In our task, once we acknowledge that the expression forms an indeterminate type, we transform it using logarithms and compute the new limit of \( \lim_{x \to 0^+} \frac{\ln(x)}{x} \). This involves considering the behavior of \( \ln(x) \to -\infty \) while \( x \to 0^+ \).
To resolve this, applying L'Hôpital's rule, which is used for simplifying limits of indeterminate forms \( \frac{0}{0} \) or \( \frac{\infty}{\infty} \), becomes appropriate. Differentiating the numerator and the denominator separately gives new insights. Finally, after differentiating, the limit \( \lim_{x \to 0^+} \frac{1}{x} \) turns out to be \(-\infty\), thereby guiding the interpretation that \( y = e^{-\infty} = 0 \).
Evaluating limits demands a combination of algebraic manipulation and calculus techniques to elucidate the behavior of functions around points of interest, providing a comprehensive understanding of how to approach complex expressions.
In our task, once we acknowledge that the expression forms an indeterminate type, we transform it using logarithms and compute the new limit of \( \lim_{x \to 0^+} \frac{\ln(x)}{x} \). This involves considering the behavior of \( \ln(x) \to -\infty \) while \( x \to 0^+ \).

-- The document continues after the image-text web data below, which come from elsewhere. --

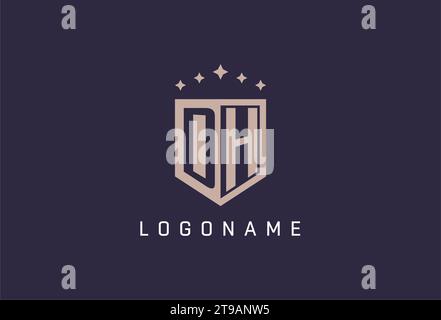 DH initial shield logo icon geometric style design inspiration Stock Vector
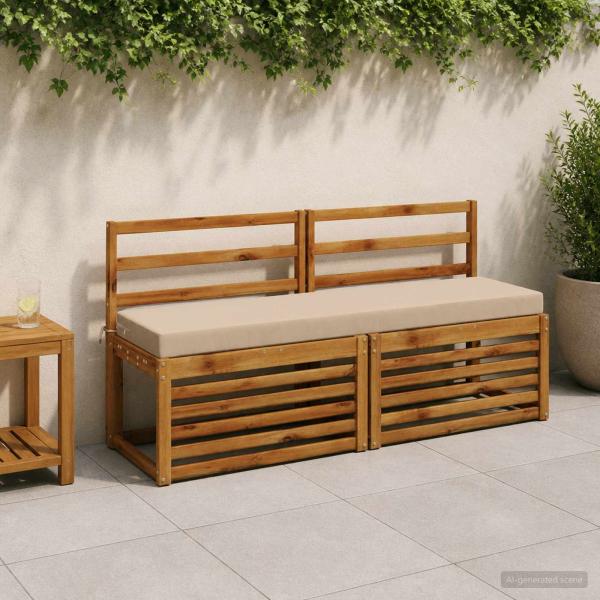 ARDEBO.de - Bankkissen SOEST 2 stk. 100 % Polyester Sand 150 x 40 x 8 cm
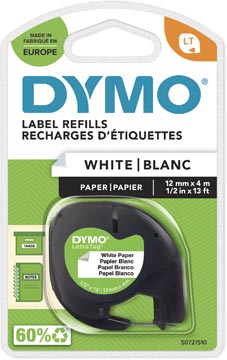 Afbeelding van Dymo 91200 (S0721510) Tape Zwart op wit (12 mm)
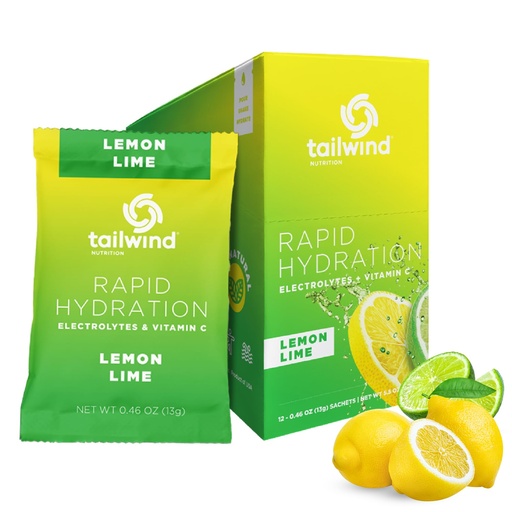 [BRSROAL5DN5GOFY2] Tailwind Nutrition Rapid Hydration, Electrolyte & Hydration Powder, Vitamin C & Sea Salt Exercise Workout Mix, Lemon Lime, Pack of 12 Sticks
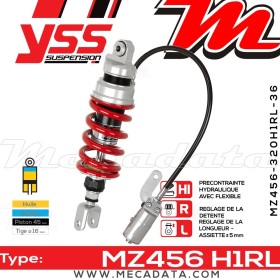 Amortisseur YSS MZ456 H1R ~ Suzuki GSF 1250 S Bandit (CH1111) ~ Annee 2007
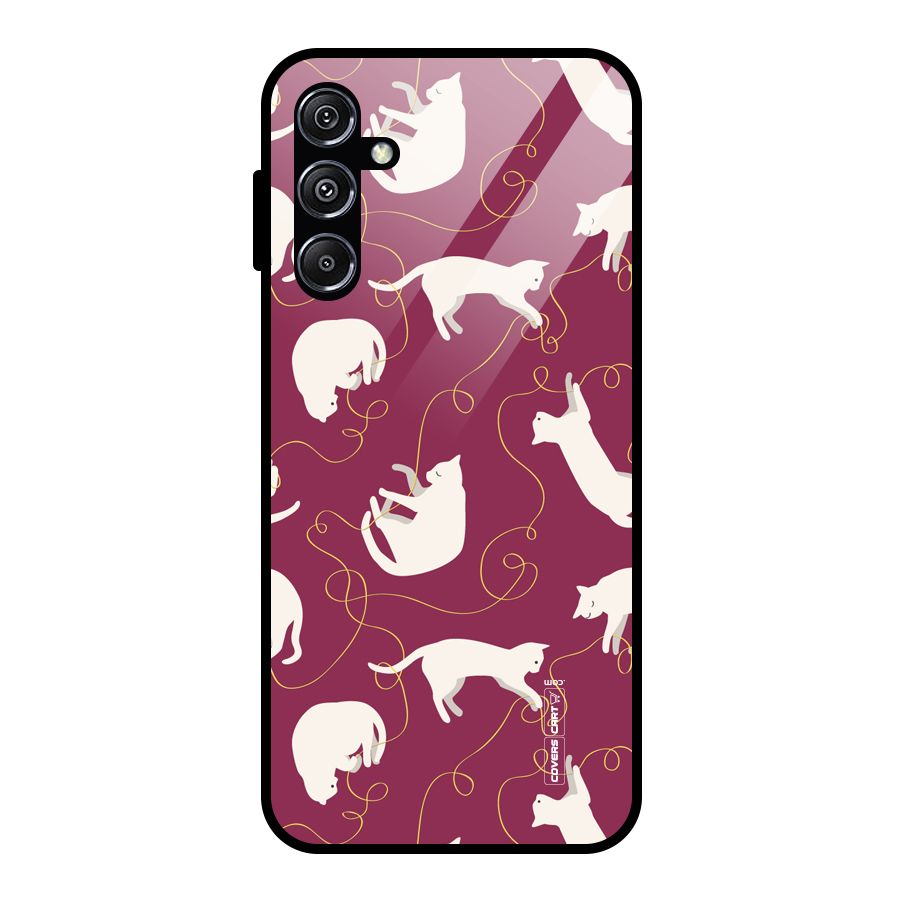 Lazy Kitty Glass Back Case for Galaxy M34 5G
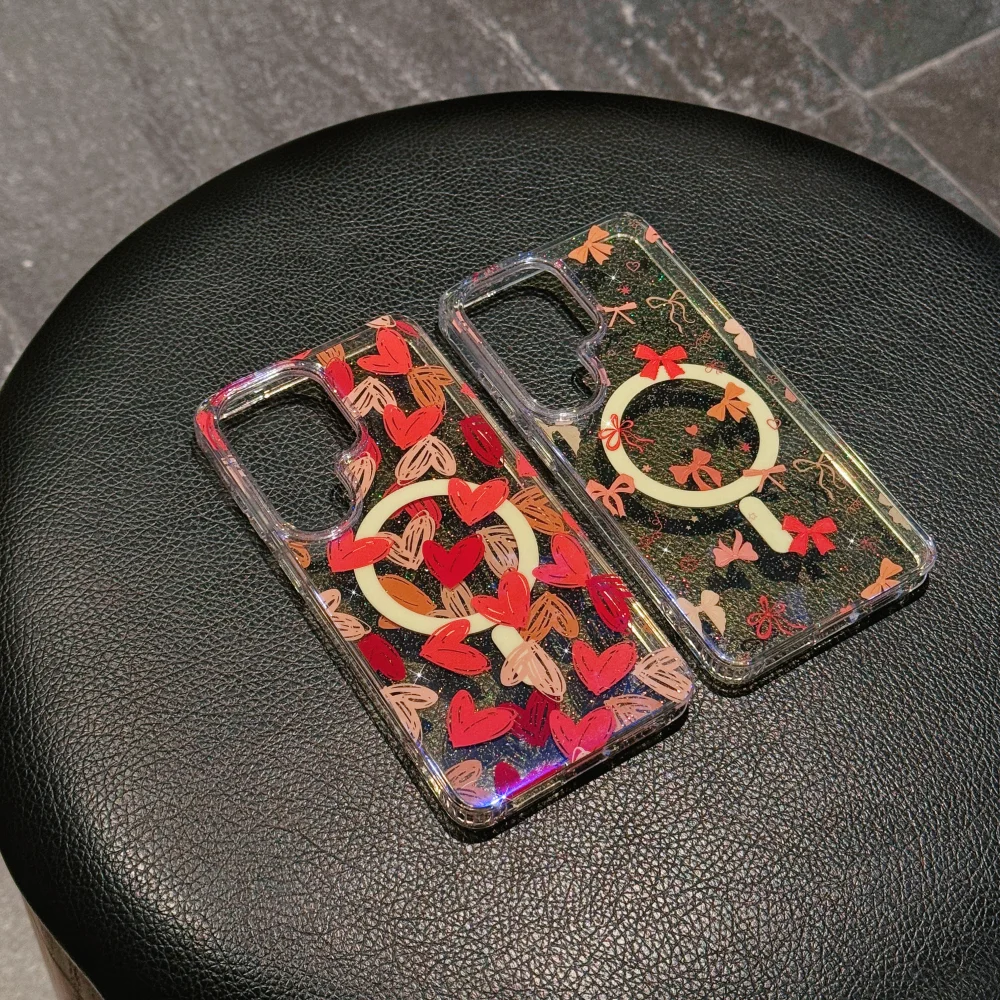 Luxury Aurora Love Magnetic Case with Floral Design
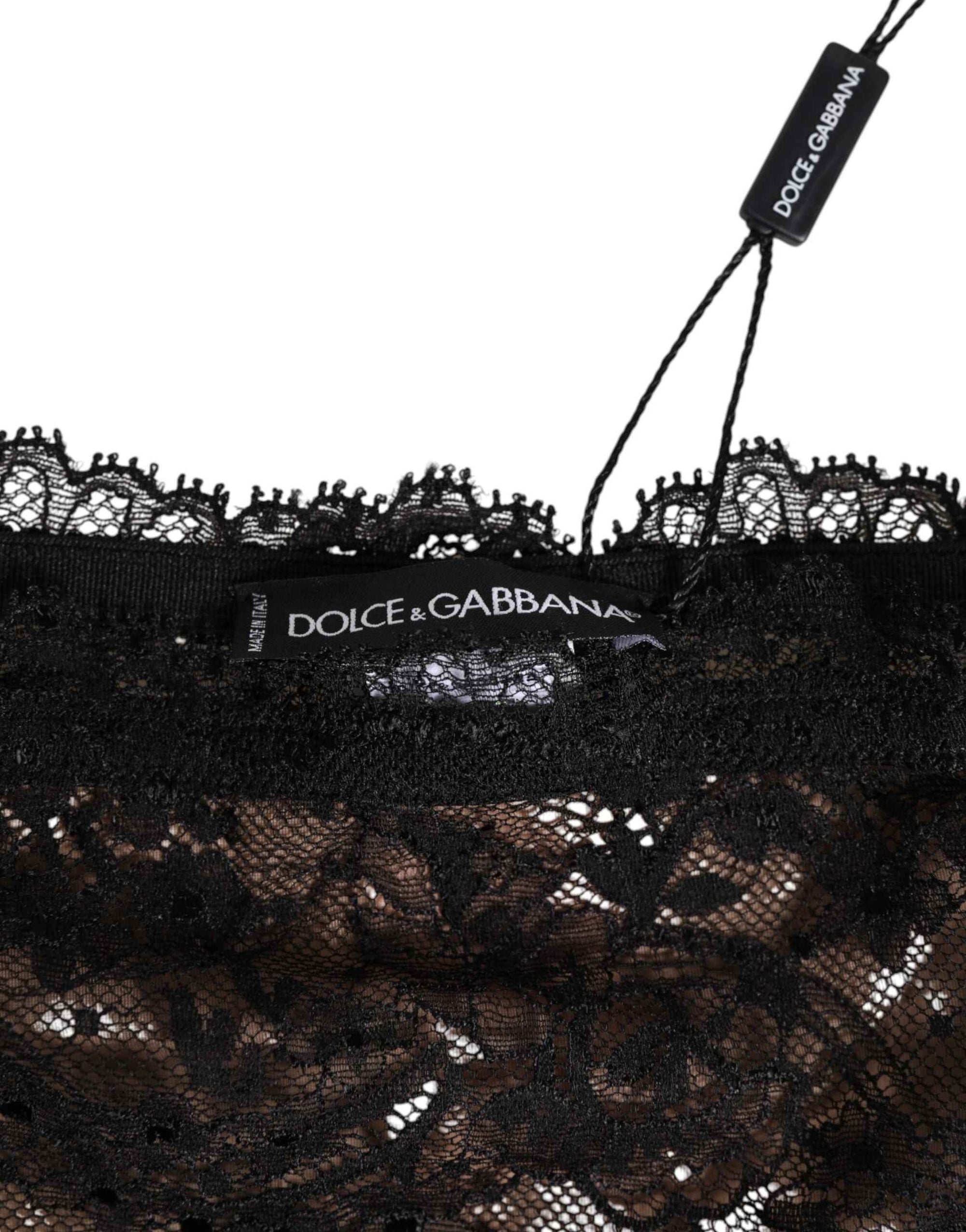 Dolce & Gabbana Black Floral Lace Mesh High Brief Panty  Underwear
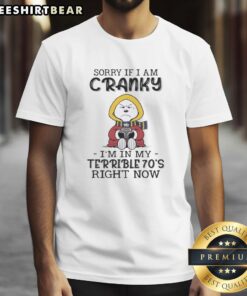 Alt Text: Original Grumpy Snoopy T-Shirt featuring Sorry If I Am Cranky, I'm In My Terrible 70's Right Now design.
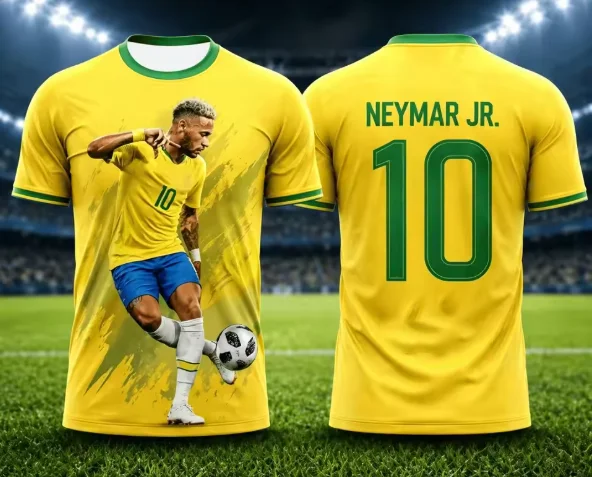 Brazil Inspired Football Portrait 3D Print Jersey, Unisex Breathable Sport Tee for Adults Boys Girls Street Training Wear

To resolve this, applying L'Hôpital's rule, which is used for simplifying limits of indeterminate forms \( \frac{0}{0} \) or \( \frac{\infty}{\infty} \), becomes appropriate. Differentiating the numerator and the denominator separately gives new insights. Finally, after differentiating, the limit \( \lim_{x \to 0^+} \frac{1}{x} \) turns out to be \(-\infty\), thereby guiding the interpretation that \( y = e^{-\infty} = 0 \).
Evaluating limits demands a combination of algebraic manipulation and calculus techniques to elucidate the behavior of functions around points of interest, providing a comprehensive understanding of how to approach complex expressions.